David war bis zu seinem Unfall der bekannteste und erfolgreichste Pelzhändler der Gegend und das Interesse an seinem Tod war enorm. Alle Finger zeigten in Rokkos Richtung und auch die Ermittlungen gingen in seine Richtung – langsam zog sich die Schlinge um Rokkos Hals zu. „Lasst uns von hier verschwinden", schlug Rokko eines Abends vor. „Wir gehen nach Boston oder nach Philadelphia und fangen ganz neu an." – „Rokko!", bremste ich ihn. „Das geht mir zu schnell. Ihr habt meinen Mann umgebracht und erwartet, dass ich so einfach mit Euch gehe?" Ich musste schlucken – diese Entscheidung fiel mir sehr schwer, aber es ging nicht anders. „Québec ist mein Zuhause. Hier bin ich geboren, aufgewachsen und hier werde ich sterben." – „Aber nichts hält Euch mehr hier", warf Rokko ein. „Nein. David ist tot und das durch Eure Hand." – „Könnt Ihr Euch denn nicht vorstellen, er wäre an dieser Blutvergiftung gestorben?" – „Das ist er aber nicht. Ich wünschte, ich hätte Euch von seiner Krankheit erzählt, dann hättet Ihr Euch vielleicht gedulden können…" – „Aber das konnte ich nicht... Ich wollte immer nur Euch. Heute Nacht werde ich abreisen und alles, was mir bleibt, ist Euch zu bitten, mitzukommen."
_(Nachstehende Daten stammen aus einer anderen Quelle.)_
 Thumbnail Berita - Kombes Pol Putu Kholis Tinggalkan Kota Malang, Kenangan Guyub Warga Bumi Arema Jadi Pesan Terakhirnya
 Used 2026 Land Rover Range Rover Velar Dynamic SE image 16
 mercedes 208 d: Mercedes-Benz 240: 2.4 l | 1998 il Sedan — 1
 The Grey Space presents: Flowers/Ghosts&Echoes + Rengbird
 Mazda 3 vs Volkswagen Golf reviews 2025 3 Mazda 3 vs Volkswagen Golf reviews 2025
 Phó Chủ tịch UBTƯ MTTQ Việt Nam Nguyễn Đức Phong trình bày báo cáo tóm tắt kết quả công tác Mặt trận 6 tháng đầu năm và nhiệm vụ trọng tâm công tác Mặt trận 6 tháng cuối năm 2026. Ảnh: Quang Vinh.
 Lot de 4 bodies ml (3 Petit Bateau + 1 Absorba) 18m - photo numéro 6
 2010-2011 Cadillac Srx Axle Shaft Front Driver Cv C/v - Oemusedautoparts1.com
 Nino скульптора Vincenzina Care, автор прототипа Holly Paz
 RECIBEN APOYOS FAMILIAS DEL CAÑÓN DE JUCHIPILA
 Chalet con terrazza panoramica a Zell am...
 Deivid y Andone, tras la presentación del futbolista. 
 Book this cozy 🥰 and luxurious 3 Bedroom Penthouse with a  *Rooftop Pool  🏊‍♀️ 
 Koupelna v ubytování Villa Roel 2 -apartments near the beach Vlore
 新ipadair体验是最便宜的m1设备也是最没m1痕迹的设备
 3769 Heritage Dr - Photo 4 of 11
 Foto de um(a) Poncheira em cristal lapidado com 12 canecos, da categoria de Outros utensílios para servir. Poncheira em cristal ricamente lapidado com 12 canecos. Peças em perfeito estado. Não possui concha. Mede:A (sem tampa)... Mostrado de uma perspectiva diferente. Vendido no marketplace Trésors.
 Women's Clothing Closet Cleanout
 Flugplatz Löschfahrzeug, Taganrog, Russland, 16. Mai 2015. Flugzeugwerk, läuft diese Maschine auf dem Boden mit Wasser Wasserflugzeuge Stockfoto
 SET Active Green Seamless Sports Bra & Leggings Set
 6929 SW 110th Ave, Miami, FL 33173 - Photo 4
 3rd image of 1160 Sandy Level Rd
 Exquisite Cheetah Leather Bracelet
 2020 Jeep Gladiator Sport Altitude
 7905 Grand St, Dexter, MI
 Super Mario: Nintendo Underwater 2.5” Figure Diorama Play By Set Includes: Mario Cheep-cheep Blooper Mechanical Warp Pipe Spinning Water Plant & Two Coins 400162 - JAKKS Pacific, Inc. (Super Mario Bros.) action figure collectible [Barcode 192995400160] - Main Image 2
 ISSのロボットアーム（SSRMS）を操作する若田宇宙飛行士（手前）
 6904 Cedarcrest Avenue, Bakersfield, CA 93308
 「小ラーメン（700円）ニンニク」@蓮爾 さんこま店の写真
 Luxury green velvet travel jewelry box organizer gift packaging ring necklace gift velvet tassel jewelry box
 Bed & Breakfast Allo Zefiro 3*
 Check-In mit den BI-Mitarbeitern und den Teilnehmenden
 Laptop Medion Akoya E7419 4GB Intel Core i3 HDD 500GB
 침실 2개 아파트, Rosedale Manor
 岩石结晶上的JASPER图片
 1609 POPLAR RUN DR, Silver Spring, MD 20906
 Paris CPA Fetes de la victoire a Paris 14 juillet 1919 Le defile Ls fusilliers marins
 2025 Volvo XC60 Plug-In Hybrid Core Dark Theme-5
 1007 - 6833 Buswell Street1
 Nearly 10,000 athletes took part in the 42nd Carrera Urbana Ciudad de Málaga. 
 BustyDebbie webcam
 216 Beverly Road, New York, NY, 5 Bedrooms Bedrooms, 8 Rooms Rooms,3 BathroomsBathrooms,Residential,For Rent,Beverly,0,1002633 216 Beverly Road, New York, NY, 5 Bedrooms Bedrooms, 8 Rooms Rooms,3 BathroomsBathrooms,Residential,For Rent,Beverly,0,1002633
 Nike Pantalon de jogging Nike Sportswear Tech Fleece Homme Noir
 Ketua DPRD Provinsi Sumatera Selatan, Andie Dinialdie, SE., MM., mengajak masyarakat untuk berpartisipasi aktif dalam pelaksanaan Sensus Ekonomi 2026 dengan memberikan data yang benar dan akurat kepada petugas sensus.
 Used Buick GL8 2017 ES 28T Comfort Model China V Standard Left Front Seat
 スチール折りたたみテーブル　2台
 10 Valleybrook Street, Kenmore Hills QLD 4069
„Das war das letzte Mal, dass ich Rokko gesehen habe", schloss Lisa ihre Erzählung. „Ward Ihr da schon schwanger mit Léonard?", fragte Julien direkt, was ihn schon die ganze Zeit bewegte. „Ja", antwortete Lisa mit fester Stimme. „Aber ich wusste es noch nicht. Meine Eltern drängten mich dazu, mich wieder zu verheiraten. In unserem Dorf hielt ich es nicht mehr aus. Ich kam nach Jonquière und suchte nach einer Stellung als Haushälterin, als ich Euch traf. Wisst Ihr noch? Seit unserer Schulzeit hatten wir uns nicht gesehen." – „Ja, meine Wiedersehensfreude war groß." – „Meine auch und als Ihr mich dann batet, Eure Frau zu werden, da… ich konnte nicht ablehnen. Ihr führtet dieses schöne Leben als Zeitungsverleger und… Léonard sollte doch nicht unter dem größten Fehler meines Lebens leiden." – „Habt Ihr je wieder von Rokko gehört?" Lisa schüttelte den Kopf. „Ihr dürft Eurem Sohn nicht den Vater vorenthalten. Versprecht es einem sterbenden Mann", verlangte Julien. Starr blickte Lisa auf ihre Hände. „Versprecht es! Der Junge wird bald 50. Es könnte Euer Geburtstagsgeschenk an ihn sein." Julien begann bedrohlich zu husten. „Nun will ich doch meine Kinder sehen", forderte er. „Schickt sie herein." Erschöpft schloss Julien die Augen und horchte nur auf das Geräusch, das Lisas Rock beim Herausgehen machte.